Dawno nie pisałem o tym surowcu, a szkoda – okazji do jakiś ciekawych zysków było co niemiara w ostatnim czasie. Spójrzmy więc na wykres kontraktów na srebro.
Interwał dzienny:
Interwał tygodniowy:
Muszę przyznać, że wykresy wyglądają bardzo zachęcająco. Jeszcze bardziej zachęcająco wygląda srebro w ujęciu dziennym jeśli spojrzymy na wykres z perspektywy wybicia z formacji trójkąta zniżkującego.
Zgodnie z klasycznymi założeniami analizy technicznej, spadki po wybiciu w dół z takowej formacji winny sięgnąć 54% odległości między punktami A i B. W tym przypadku zasięg spadku pokrywa się niemal idealnie z dołkami z czerwca 2013. Czy w takim przypadku warto grać na spadki czy na wzrosty ? Przy obecnych poziomach jest to o tyle ciekawe, iż szansa na test ubiegłorocznych dołków jest taka sama jak test 200 SMA.
Wielkość depozytu dla pozycji 0.1 lota w BOŚ wynosi 1 270 zł, wartość jednego pipsa – w przypadku srebra jest to 1 cent – wynosi 22 złote.
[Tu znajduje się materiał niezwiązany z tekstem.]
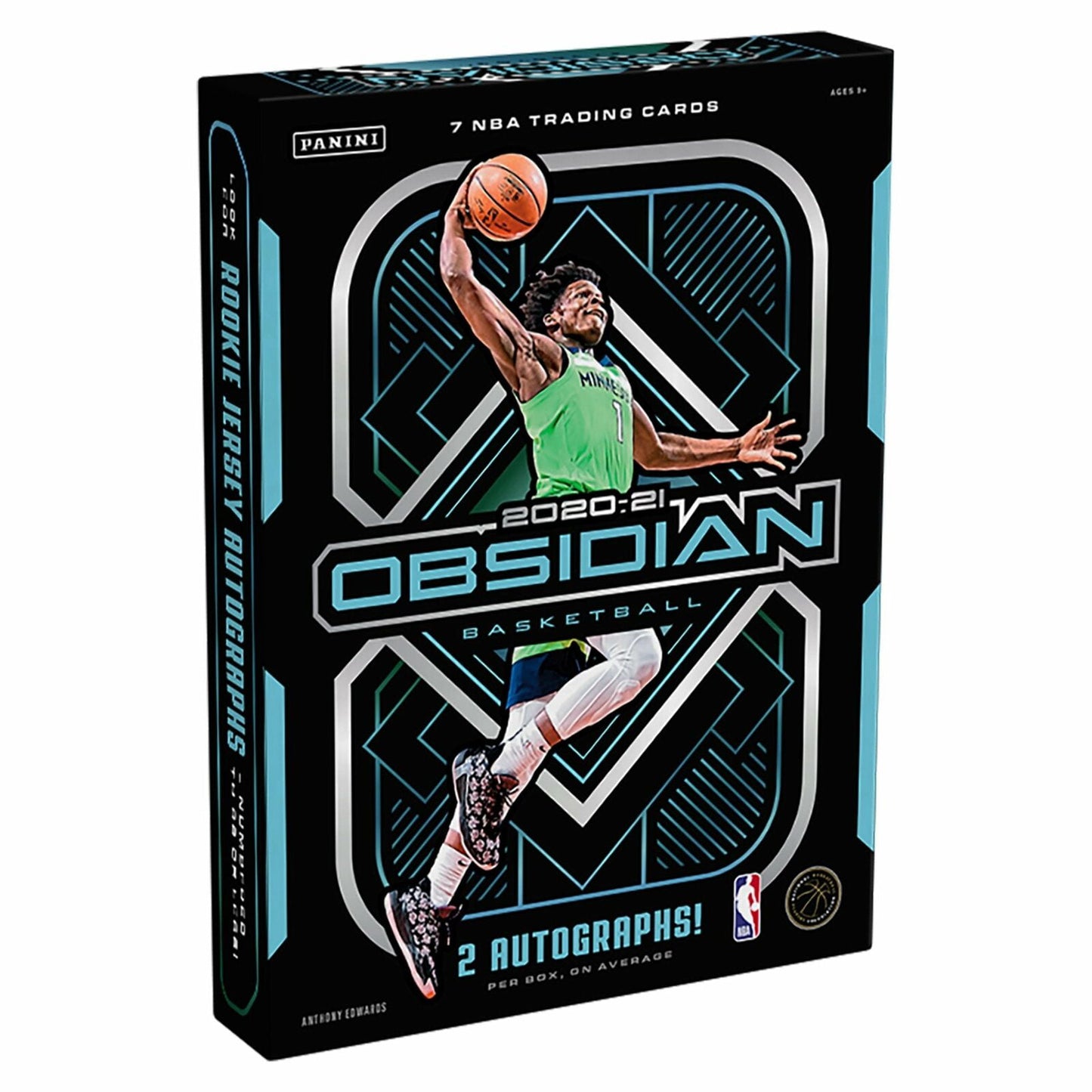 2020-21 Panini Obsidian Basketball Hobby Box - Factory Sealed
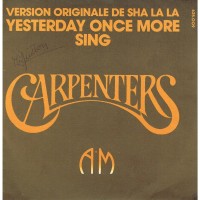 CARPENTERS, Yesterday Once More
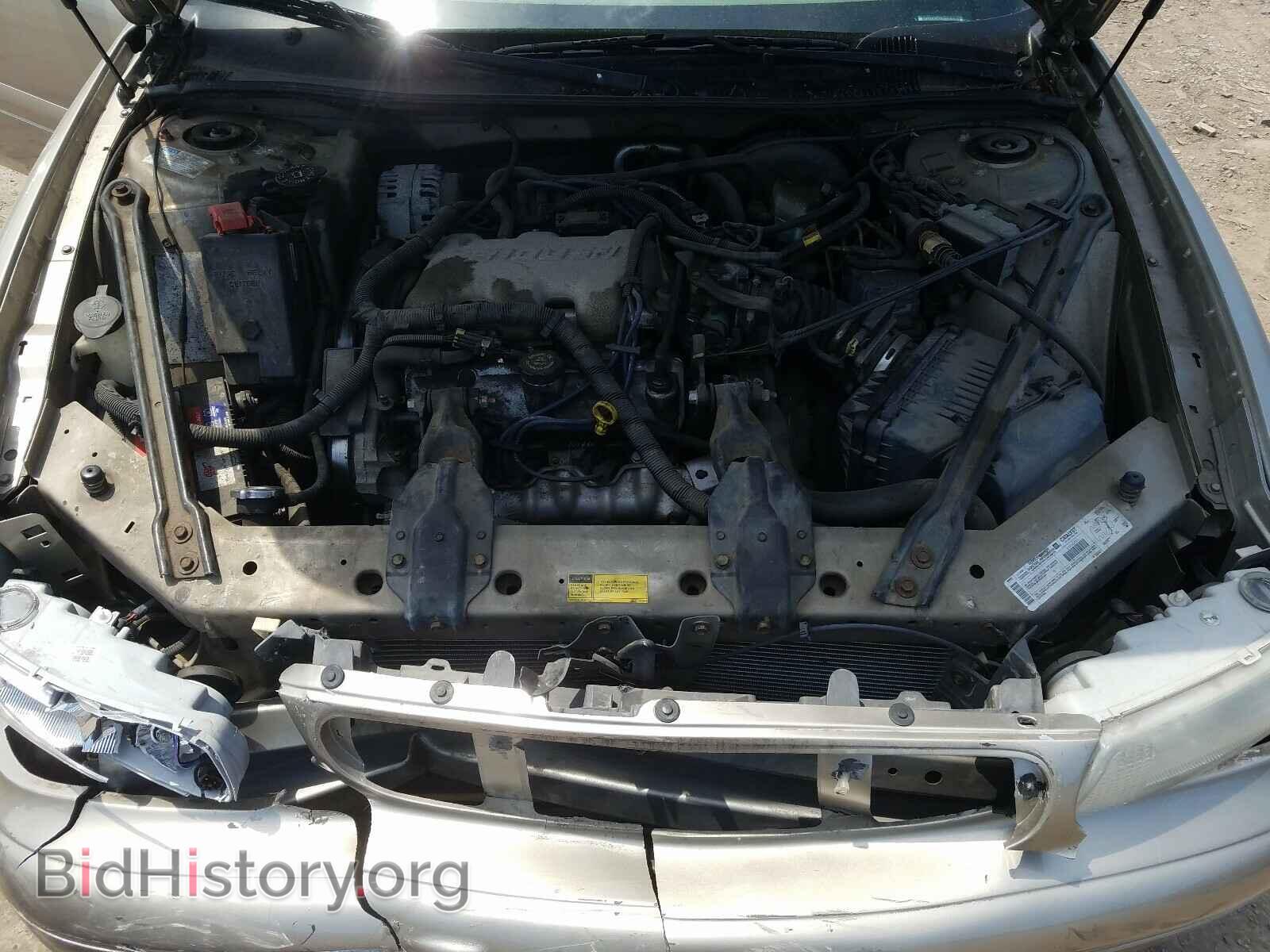 2001 BUICK CENTURY - VIN: 2G4WS52J211262675 - Фото 7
Jeżeli zdecydowalibyśmy się na wejście w długie z obecnym poziomów, licząc na test 200 SMA – zarobilibyśmy około 3520. Oczywiście depozyt będzie mniejszy jeżeli pozycja zostanie otwarta na koncie oferującym handel mikrolotami.
Jeżeli zdecydowalibyśmy się na krótką, licząc na test dołków z czerwca 2013 zarobilibyśmy około 2 000 złotych.
Najdogodniejszą dla mnie opcją w tym momencie jest wejście w pozycje długie przy 19.30 z pierwszym celem 19.60, a następnie 20.02.
Obecnie rynek na srebrze znajduje się w dość silnej strefie wsparć, więc warto zwrócić uwagę na ten kruszec. Warto jeszcze napomknąć, że przed większymi ruchami w dół na tym kruszcu bardzo często dochodzi do tzw. „short squeeze” – czyli można spodziewać się jakiegoś „większego” ruchu w górę w przyszłym tygodniu.